== WORK ORDER ==
Select from the records below every line that has the word "wall" in it.

== GIVEN RECORDS ==

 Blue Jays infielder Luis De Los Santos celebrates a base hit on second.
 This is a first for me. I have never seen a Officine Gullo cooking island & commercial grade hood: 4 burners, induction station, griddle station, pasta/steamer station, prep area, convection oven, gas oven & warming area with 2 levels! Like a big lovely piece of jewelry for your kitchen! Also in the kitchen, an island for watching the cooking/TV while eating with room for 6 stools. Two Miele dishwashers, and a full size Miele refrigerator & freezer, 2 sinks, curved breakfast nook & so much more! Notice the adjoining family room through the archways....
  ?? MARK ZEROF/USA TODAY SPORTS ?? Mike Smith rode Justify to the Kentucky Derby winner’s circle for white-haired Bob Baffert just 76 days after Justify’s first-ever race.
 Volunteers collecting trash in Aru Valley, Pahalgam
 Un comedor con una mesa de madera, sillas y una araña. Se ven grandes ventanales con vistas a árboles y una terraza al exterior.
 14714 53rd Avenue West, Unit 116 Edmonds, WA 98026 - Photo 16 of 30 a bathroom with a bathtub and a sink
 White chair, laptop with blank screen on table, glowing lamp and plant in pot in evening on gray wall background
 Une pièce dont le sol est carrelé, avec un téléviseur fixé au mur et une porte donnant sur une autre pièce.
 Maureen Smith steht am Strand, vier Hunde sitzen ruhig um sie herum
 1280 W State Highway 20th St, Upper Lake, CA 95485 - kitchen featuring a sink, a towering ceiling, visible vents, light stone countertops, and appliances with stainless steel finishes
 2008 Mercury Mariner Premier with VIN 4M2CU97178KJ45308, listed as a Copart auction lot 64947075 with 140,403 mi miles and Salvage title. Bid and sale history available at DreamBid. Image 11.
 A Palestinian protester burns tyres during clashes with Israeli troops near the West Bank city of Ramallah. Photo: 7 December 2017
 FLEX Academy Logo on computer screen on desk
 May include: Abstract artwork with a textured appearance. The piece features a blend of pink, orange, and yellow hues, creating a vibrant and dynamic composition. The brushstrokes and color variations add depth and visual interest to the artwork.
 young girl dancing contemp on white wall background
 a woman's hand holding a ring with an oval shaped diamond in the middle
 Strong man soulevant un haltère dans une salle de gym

== YOUR SOLUTION ==
 White chair, laptop with blank screen on table, glowing lamp and plant in pot in evening on gray wall background
 young girl dancing contemp on white wall background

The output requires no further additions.